In seguito alla sua rimozione, partecipate manifestazioni hanno messo a ferro e fuoco il Pakistan sfociando in proteste violente. Lo stesso capo del PTI aveva organizzato una “lunga marcia” dalla città di Lahore verso Islamabad per chiedere elezioni anticipate, durante la quale era stato ferito in un attentato. A causa delle sua politica non allineata Khan si era inimicato l’esercito che, direttamente e indirettamente, domina la nazione dotata di armi nucleari fin da prima della sua indipendenza nel 1947. Secondo l’editorialista Abbas Nasir, citato da Reuters, «Il fattore decisivo è da che parte stanno i potenti militari e le loro agenzie di sicurezza. Solo un’enorme affluenza alle urne a favore del PTI (di Khan) può cambiare le sorti». Cosa che si è effettivamente verificata, sebbene i candidati indipendenti non potranno governare da soli.

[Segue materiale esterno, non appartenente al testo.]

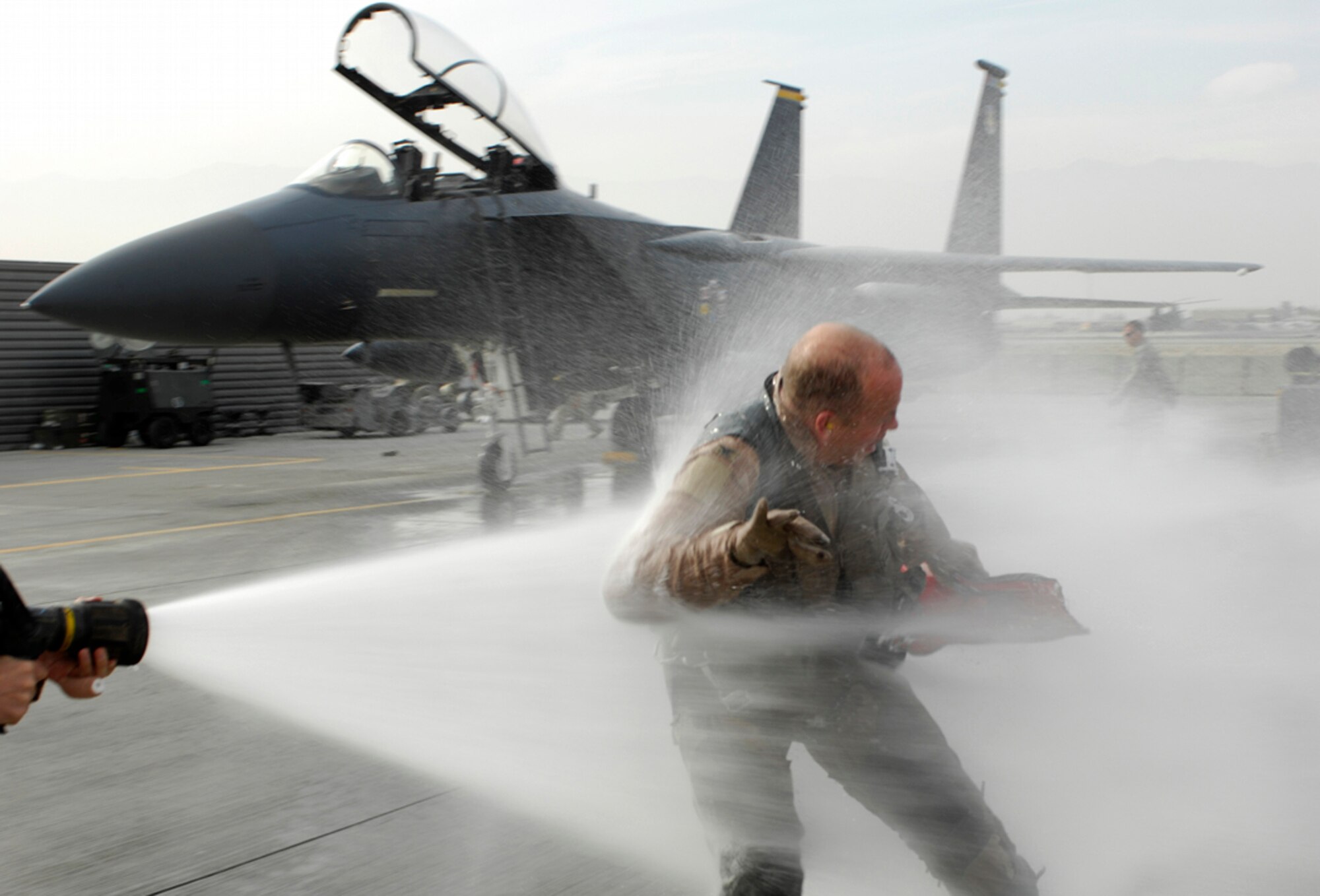 BAGRAM AIR BASE, Afghanistan -- Col. Eric Nelson, 455th Expeditionary Operations Group commander, receives the traditional greeting upon return from his last F-15E Strike Eagle flight here, Nov. 28, 2007.  Command of the 455th EOG will change hands on Dec. 5, with Col. Nelson returning to his stateside duties as commander of the 4th Operations Group at Seymour Johnson Air Force Base, N.C. (U.S. Air Force photo by Staff Sgt. Joshua Jasper)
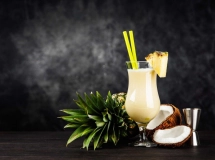 Cocktail piña colada crémeux dans un verre ouragan, garni d'une tranche d'ananas, d'une cerise et d'un petit parasol rose.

Al momento, l’ipotesi più accreditata, considerati i risultati del voto, è quella di un governo di coalizione: Sharif, che aveva dichiarato di voler ottenere una maggioranza propria, è ora costretto a tenere colloqui con altri partiti, incluso l’ex presidente Asif Ali Zardari del Partito Popolare Pakistano (PPP). Un assistente senior di Khan ha detto, invece, che i leader del PTI terranno colloqui tra loro e incontreranno Khan in prigione sabato per discutere i risultati. Secondo gli analisti un governo di coalizione farà fatica ad affrontare le molteplici sfide che si trova di fronte il Paese, tra cui la ricerca di un nuovo programma di salvataggio da parte del Fondo monetario internazionale (FMI) dopo la scadenza dell’attuale accordo tra tre settimane. Le elezioni, dunque, piuttosto che aiutare a risolvere la crisi che sta affrontando Islamabad, hanno aumentato le tensioni sociali e la polarizzazione dei cittadini, anche a causa dello svolgimento sospetto del voto e, soprattutto, per via dell’estromissione del politico più acclamato dalla nazione, aumentando così l’instabilità e l’incertezza in un Paese importante per gli equilibri geopolitici internazionali.